== Task instructions ==
Scan the records below for the line with "Hello and welcome" and the line with "Next, we have", and retype that range exactly, both ends included, pictures excepted.

== Extracted entries ==
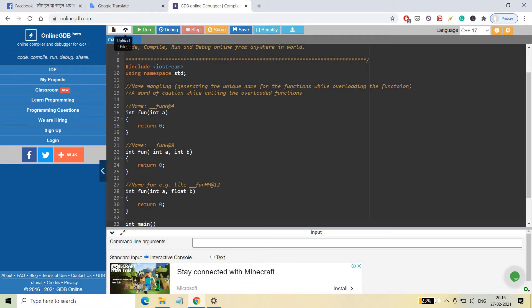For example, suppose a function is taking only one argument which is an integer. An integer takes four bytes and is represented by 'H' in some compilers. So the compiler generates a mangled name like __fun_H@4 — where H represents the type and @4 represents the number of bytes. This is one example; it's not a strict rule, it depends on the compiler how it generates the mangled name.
...
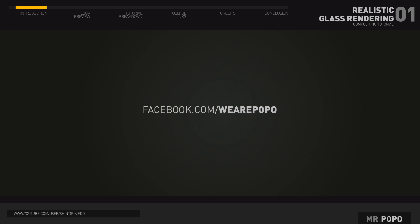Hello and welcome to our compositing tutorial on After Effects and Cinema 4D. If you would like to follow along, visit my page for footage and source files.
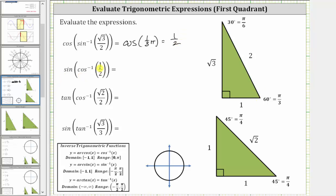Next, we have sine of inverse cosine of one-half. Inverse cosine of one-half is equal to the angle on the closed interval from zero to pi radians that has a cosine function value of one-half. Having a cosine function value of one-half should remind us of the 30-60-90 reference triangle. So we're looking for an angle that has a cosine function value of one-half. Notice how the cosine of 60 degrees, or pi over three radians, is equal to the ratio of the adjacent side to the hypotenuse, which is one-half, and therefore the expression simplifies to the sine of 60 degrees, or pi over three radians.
--
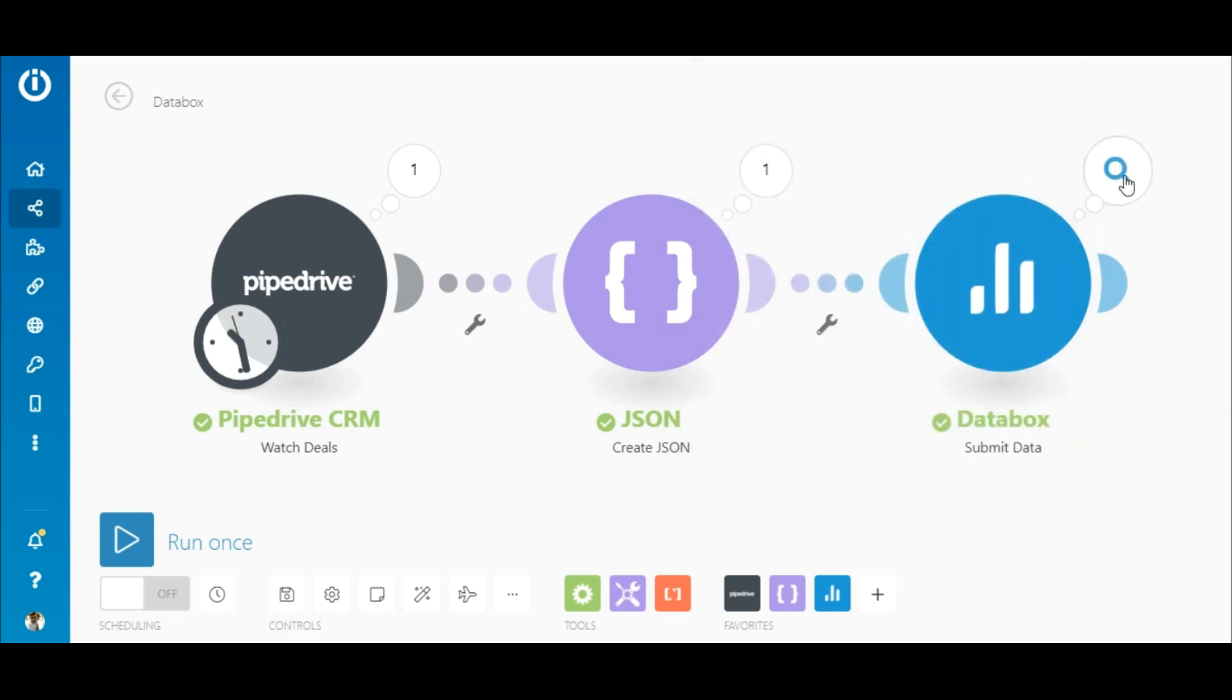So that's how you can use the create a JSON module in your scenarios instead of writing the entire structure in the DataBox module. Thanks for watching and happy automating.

== Reply ==
Hello and welcome to our compositing tutorial on After Effects and Cinema 4D. If you would like to follow along, visit my page for footage and source files.
Next, we have sine of inverse cosine of one-half. Inverse cosine of one-half is equal to the angle on the closed interval from zero to pi radians that has a cosine function value of one-half. Having a cosine function value of one-half should remind us of the 30-60-90 reference triangle. So we're looking for an angle that has a cosine function value of one-half. Notice how the cosine of 60 degrees, or pi over three radians, is equal to the ratio of the adjacent side to the hypotenuse, which is one-half, and therefore the expression simplifies to the sine of 60 degrees, or pi over three radians.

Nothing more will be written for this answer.